PROGAE: A GEOMETRIC AUTOENCODER-BASED GENERATIVE MODEL FOR DISENTANGLING PROTEIN CONFORMATIONAL SPACE

Abstract

Understanding the protein conformational landscape is critical, as protein function, as well as modulations thereof due to ligand binding or changes in environment, are intimately connected with structural variations. This work focuses on learning a generative neural network on a simulated ensemble of protein structures obtained using molecular simulation to characterize the distinct structural fluctuations of a protein bound to various drug molecules. Specifically, we use a geometric autoencoder framework to learn separate latent space encodings of the intrinsic and extrinsic geometries of the system. For this purpose, the proposed Protein Geometric AutoEncoder (ProGAE) model is trained on the length of the alpha-carbon pseudobonds and the orientation of the backbone bonds of the protein.

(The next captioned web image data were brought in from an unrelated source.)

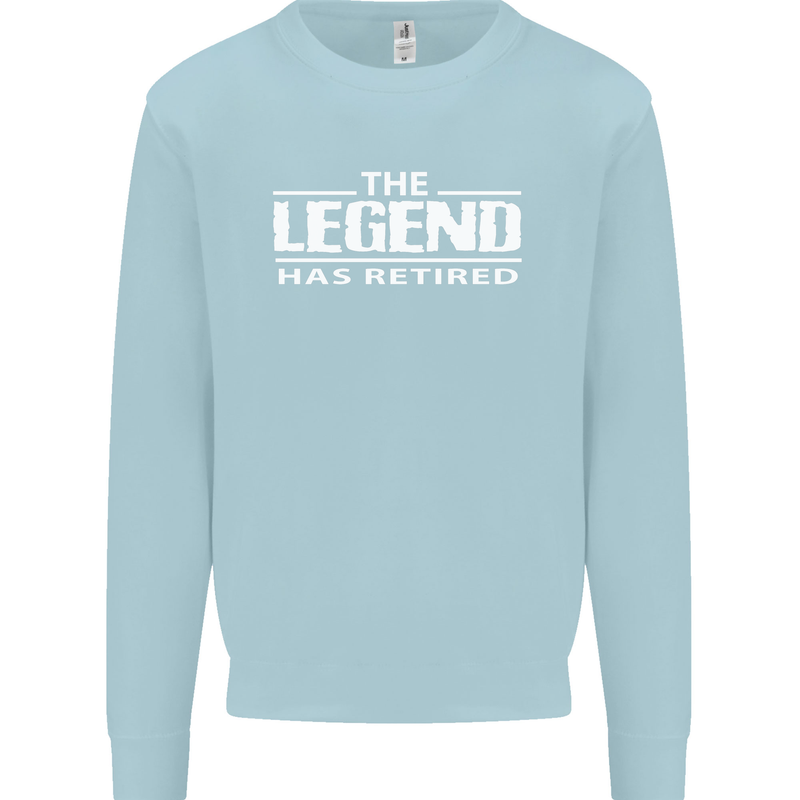 The Legend has Retired Retirement Funny Mens Sweatshirt Jumper Light Blue
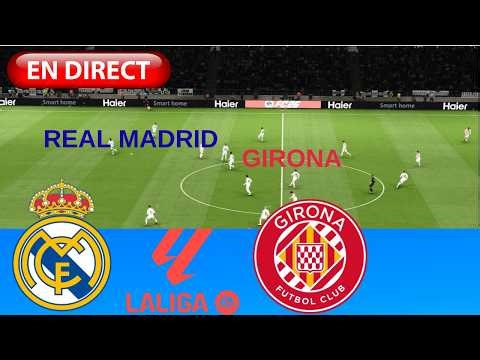 🔴 EN DIRECT : Real Madrid vs Girona Match | La Liga 2025–2026 | Simulation Complète du Match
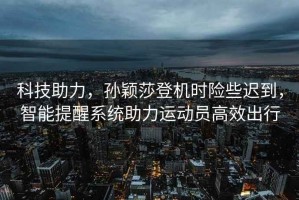 科技助力，孫穎莎登機時(shí)險些遲到，智能提醒系統助力運動(dòng)員高效出行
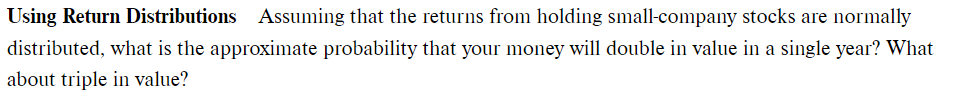  Using Return Distributions Assuming that the returns from holding small-company stocks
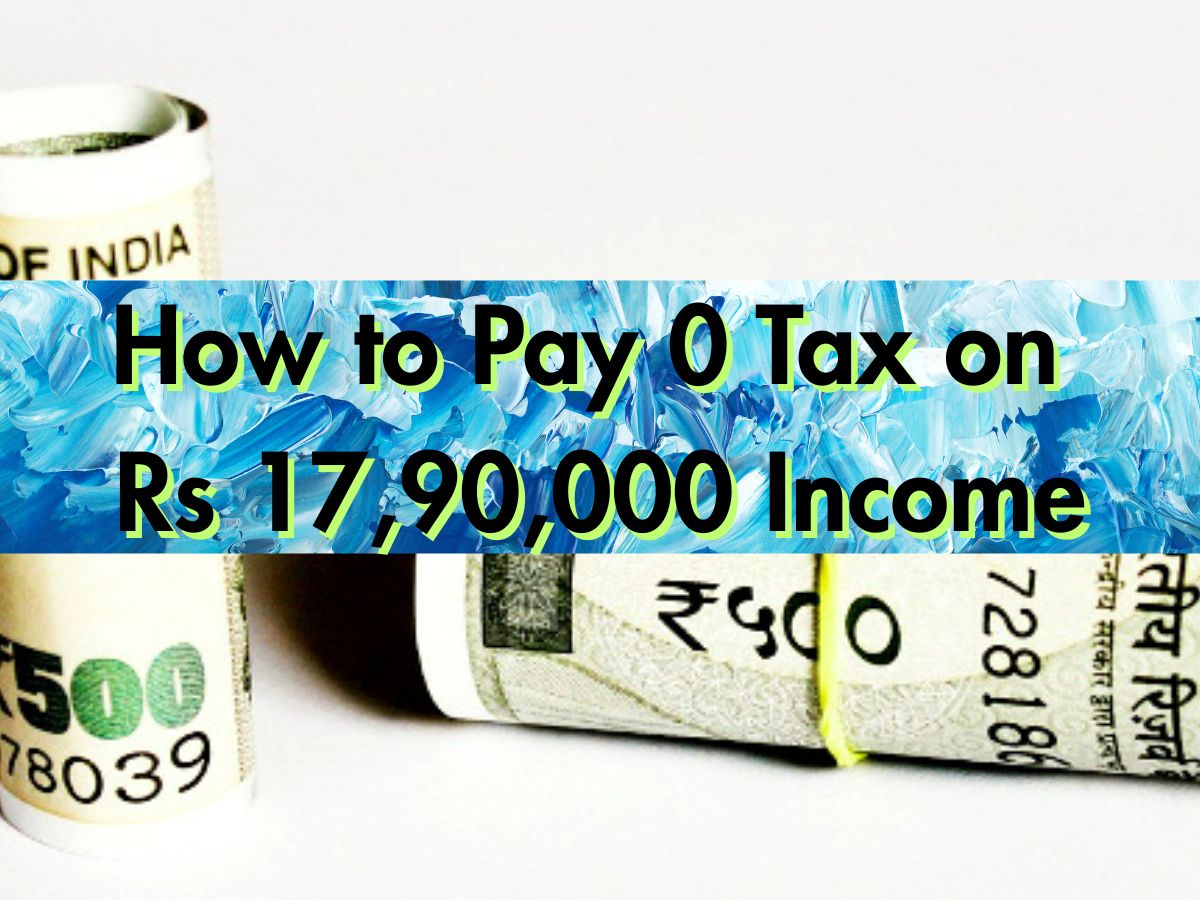 Pay 0 Tax on Rs 17.9 Lakh Income:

Using ProGAE latent embeddings, we reconstruct and generate the conformational ensemble of a protein at or near the experimental resolution. Empowered by the disentangled latent space learning, the intrinsic latent embedding help in geometric error correction, whereas the extrinsic latent embedding is successfully used for classification or property prediction of different drugs bound to a specific protein. Additionally, ProGAE is able to be transferred to the structures of a different state of the same protein or to a completely different protein of different size, where only the dense layer decoding from the latent representation needs to be retrained. Results show that our geometric learning-based method enjoys both accuracy and efficiency for generating complex structural variations, charting the path toward scalable and improved approaches for analyzing and enhancing molecular simulations.

1. INTRODUCTION

The complex and time-consuming calculations in molecular simulations have been significantly impacted by the application of machine learning techniques in recent years. In particular, deep learning has been applied to analysis and simulation of molecular trajectories to address diverse problems, such as estimating free energy surfaces, defining optimal reaction coordinates, constructing Markov State Models, and enhancing molecular sampling. For a comprehensive review of deep learning methods for analyzing and enhancing molecular simulations, see (Noé et al., 2020a) and (Noé et al., 2020b) . Specifically, there has been interest in modeling the underlying conformational space of proteins by using deep generative models, e.g. (Ramaswamy et al., 2020) and (Bhowmik et al., 2018; Guo et al., 2020; Varolgünes ¸et al., 2020) . This line of work has mainly attempted to respect the domain geometry by using convolutional AEs on features extracted from 3D structures. In parallel, learning directly from 3D structure has recently developed into an exciting and promising application area for deep learning. In this work, we learn the protein conformational space from a set of protein simulations using geometric deep learning. We also investigate how the geometry of a protein itself can assist learning and improve latent conformational space interpretability. Namely, we consider the influence of intrinsic and extrinsic geometry, where intrinsic geometry is independent of 3D embedding and extrinsic is not. Intrinsic geometric protein properties can be thought to be robust to conformation. To this end, we propose a Protein Geometric Autoencoder model, named ProGAE, to separately encode intrinsic and extrinsic protein geometries.